> Task requirements: Write out the material below again, line for line, without any images.

> Dataset section:

---*---

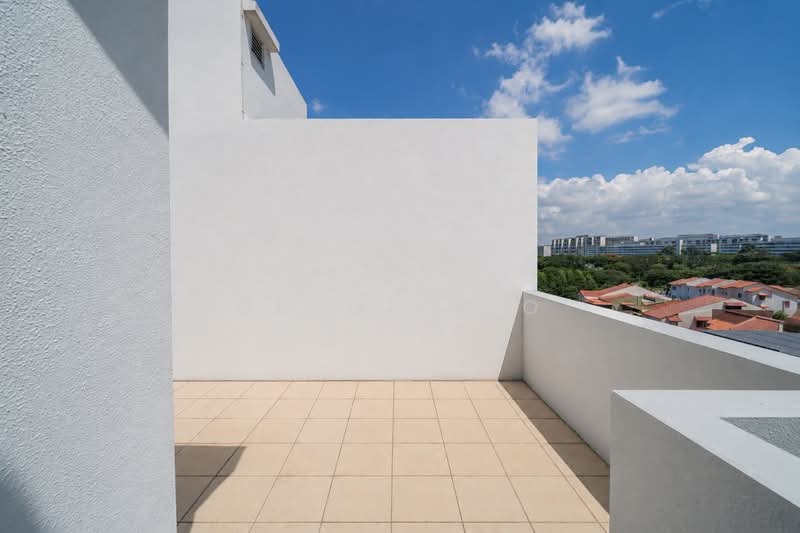 Sunny Lodge, 6A Lorong Salleh, 3 Bedrooms, 1,184 sqft, Apartment For Sale, by Chloe Teo, 500233302 - Open Terrace - PropertyGuru.com.sg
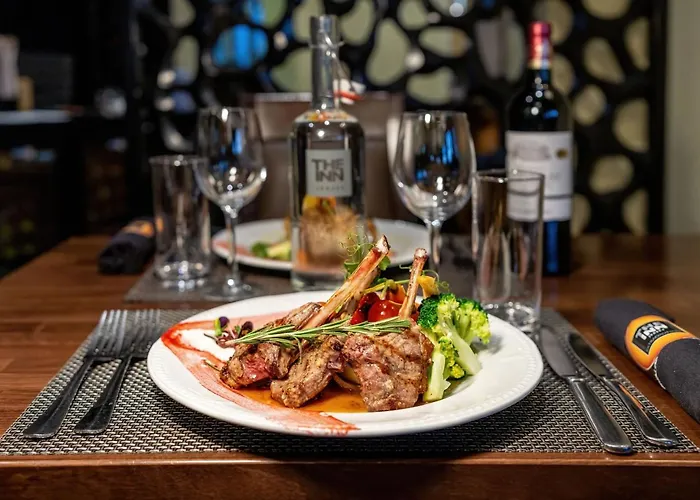 Hotel The Bar And Restaurant 3*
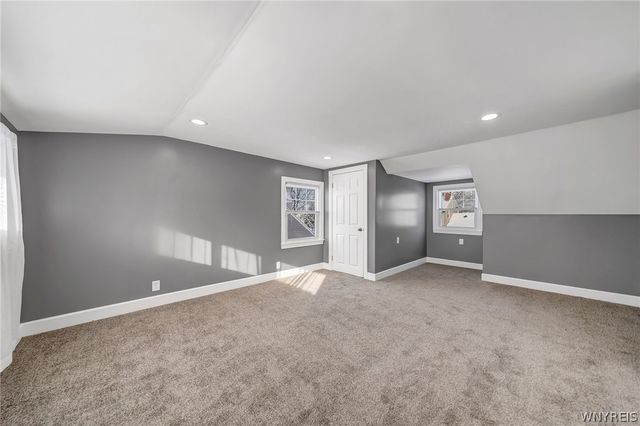 206 Wrexham Court North, Tonawanda, NY 14150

---*---

> Problem solution:
 Sunny Lodge, 6A Lorong Salleh, 3 Bedrooms, 1,184 sqft, Apartment For Sale, by Chloe Teo, 500233302 - Open Terrace - PropertyGuru.com.sg
 Hotel The Bar And Restaurant 3*
 206 Wrexham Court North, Tonawanda, NY 14150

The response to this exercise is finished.